"Let books be your dining table, / And you shall be full of delights. / Let them be your
And you shall sleep restful nights" (St. Ephraim the Syrian).

Monday, July 21, 2014

Theology in History, Theology of History, or History of Theology?

It has been said that too much of what passes for theology today, especially among those dealing in patristics, is in fact just history or intellectual geneology: God is an afterthought or, in some cases, an embarrassment to be set aside while we look for the "hidden" world of Christians, or what they "really" believed, only to be found in the "gnostic gospels," etc. What is really sought is to show how, say, Gregory of Nyssa influenced Aquinas and Palamas, and how those two, through a convoluted development, ultimately played a role in shaping the intellectual worldview of, say, a Florovsky or a Bulgakov or a Barth.

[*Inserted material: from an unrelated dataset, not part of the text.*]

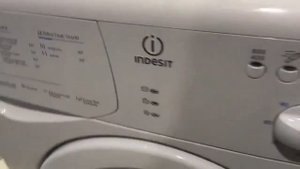Стиральная машина Indesit WISN82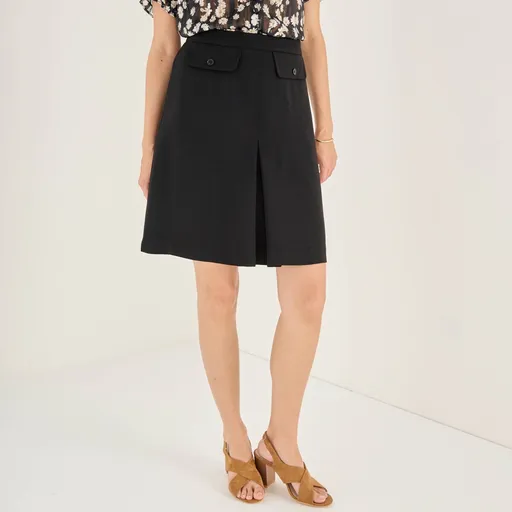 Krátka rozšírená sukňa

A recently released book appears to buck this trend, trying to keep history and theology together: Frances Young, God's Presence: A Contemporary Recapitulation of Early Christianity (Cambridge UP, 2013), 472pp. 

About this book we are told:
In 2011, Frances Young delivered the Bampton Lectures in Oxford to great acclaim. She offered a systematic theology with contemporary coherence, by engaging in conversation with the fathers of the church - those who laid down the parameters of Christian theology and enshrined key concepts in the creeds - and exploring how their teachings can be applied today, despite the differences in our intellectual and ecclesial environments. This book results from a thorough rewriting of those lectures in which Young explores the key topics of Christian doctrine in a way that is neither simply dogmatic nor simply historical. She addresses the congruence of head and heart, through academic and spiritual engagement with God's gracious accommodation to human limitations. Christianity and biblical interpretation are discussed in depth, and the book covers key topics including Creation, anthropology, Christology, soteriology, spirituality, ecclesiology and Mariology, making it invaluable to those studying historical and constructive theology.
Young, as you may recall, is the author of the recently updated and acclaimed handbook From Nicaea to Chalcedon: A Guide to the Literature and Its Background, which helps put much of the conciliar and patristic literature in the fourth and fifth centuries into a helpful and wide-ranging context.